### Data supplied

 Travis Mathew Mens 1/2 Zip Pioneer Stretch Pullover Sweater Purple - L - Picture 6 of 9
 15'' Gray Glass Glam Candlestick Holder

######
### Data supplied

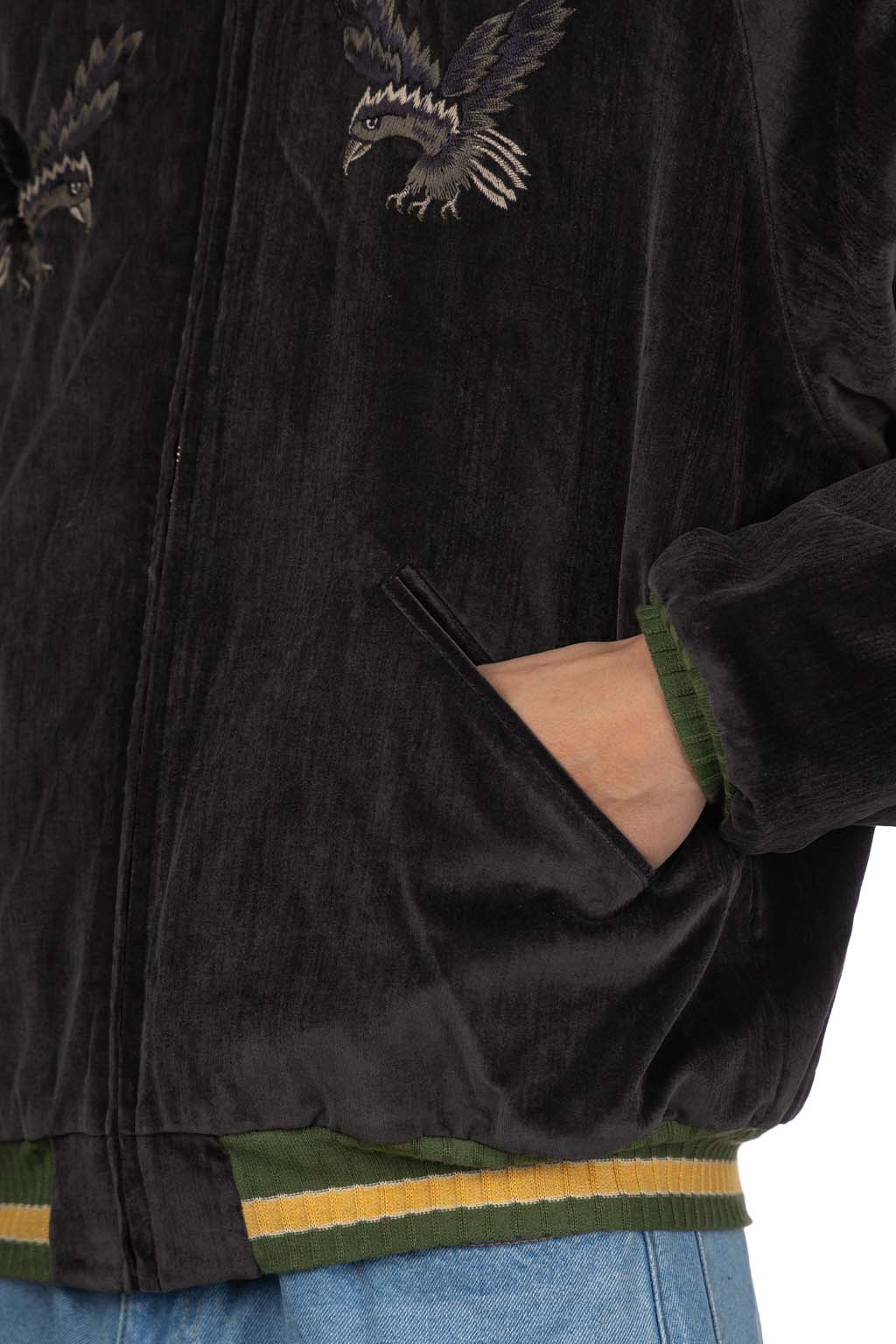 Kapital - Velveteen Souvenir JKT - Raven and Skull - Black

######

**Problem statement**
Using only the listing above, restate exactly the lines from the line containing "Travis Mathew Mens" through the line containing "15'' Gray Glass Glam Candlestick Holder", both included.

**Task response**
 Travis Mathew Mens 1/2 Zip Pioneer Stretch Pullover Sweater Purple - L - Picture 6 of 9
 15'' Gray Glass Glam Candlestick Holder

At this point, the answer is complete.